● **ASSIGNED TASK**
Leaving out the pictures, please reproduce exactly and only the lines from the one that contains "Human development report" through the last line below.

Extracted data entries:
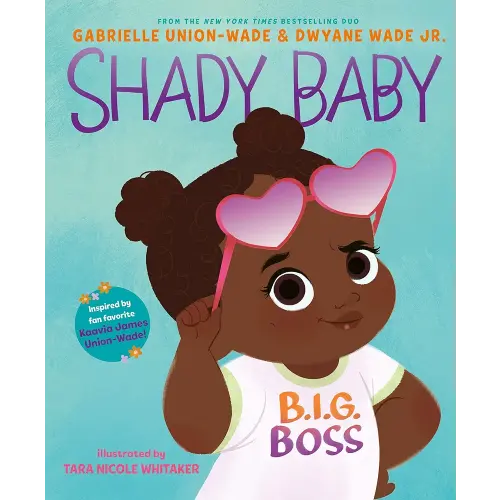 Shady Baby: A New York Times Bestselling Picture Book About Standing Up for Others and Speaking Your Mind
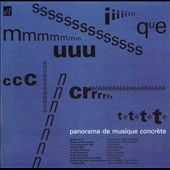 Panorama de Musique Concrète (CD, Sep 20
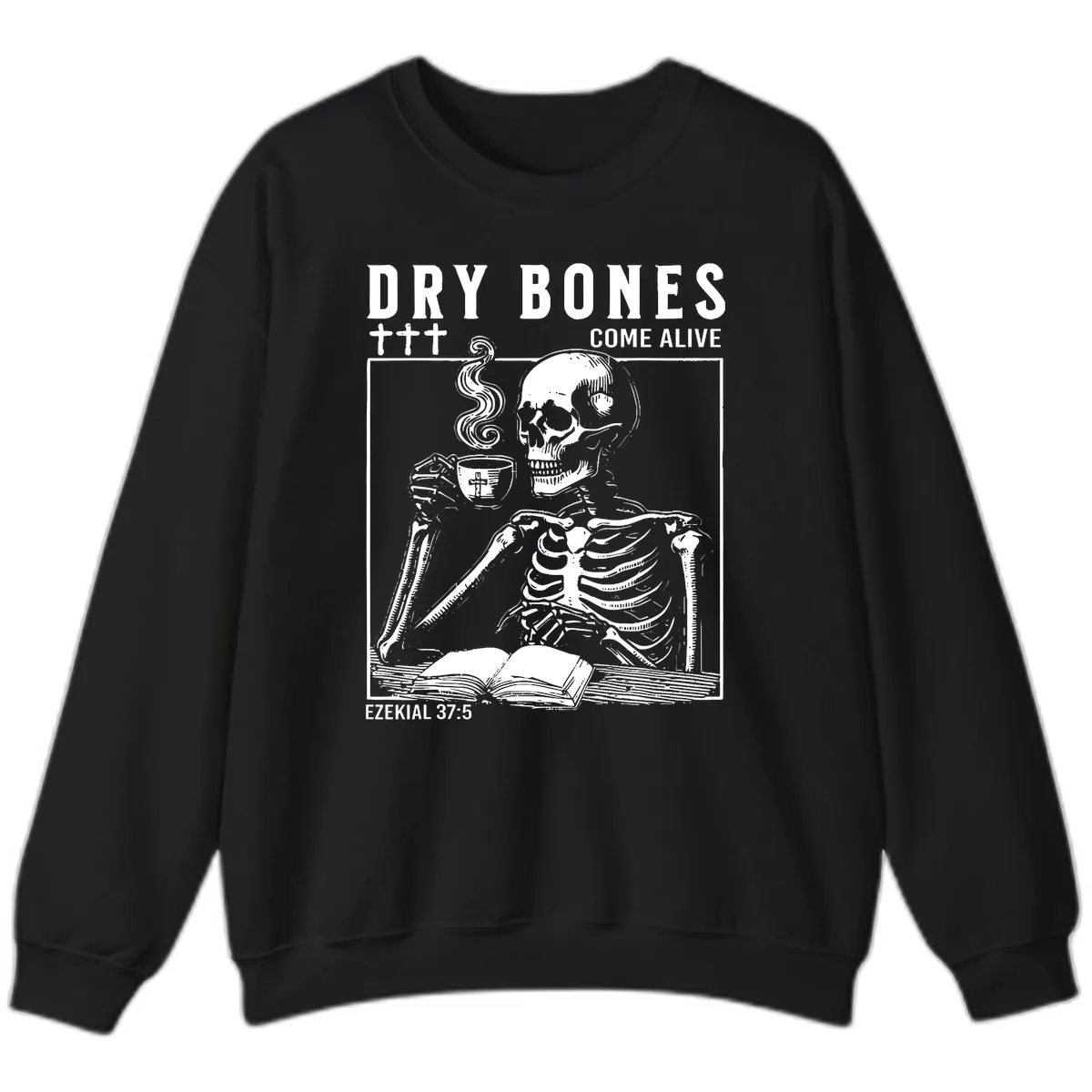 Dry Bones Come Alive Skeleton Sweatshirt in Black
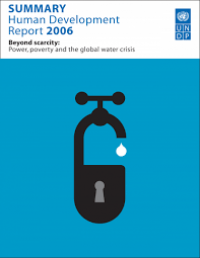 Human development report 2006 : beyond scarcity: Power, poverty and the global water crisis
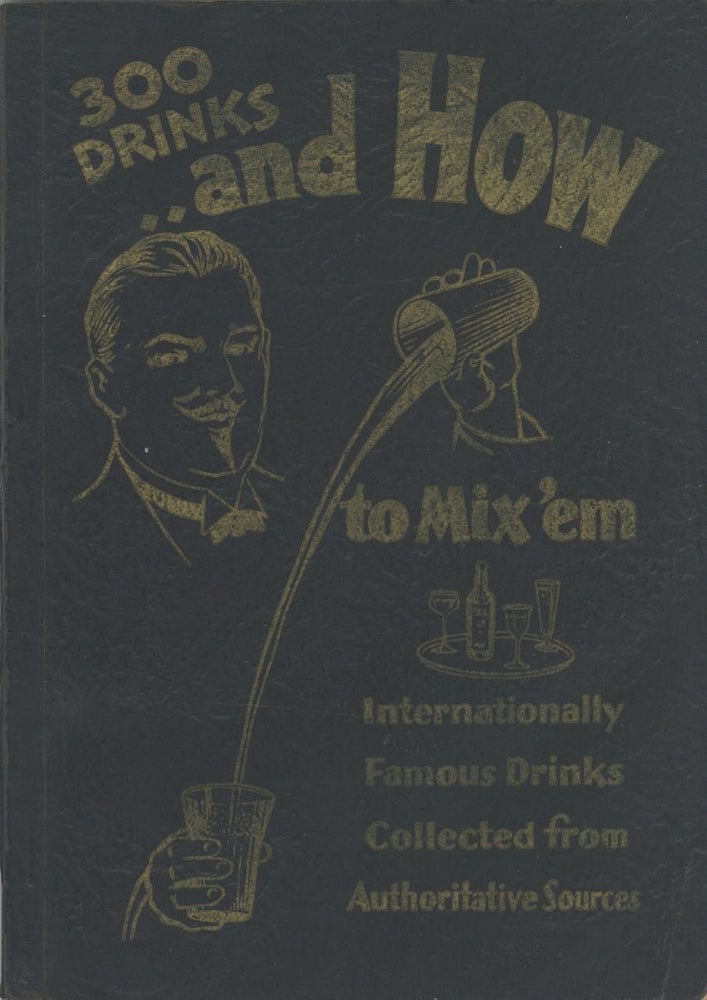 Item #5557 Here's How to Mix 'em; [300 Drinks and How to Mix 'em. Internationally Famous Drinks...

● **RESPONSE FOR THIS EXERCISE**
 Human development report 2006 : beyond scarcity: Power, poverty and the global water crisis
 Item #5557 Here's How to Mix 'em; [300 Drinks and How to Mix 'em. Internationally Famous Drinks...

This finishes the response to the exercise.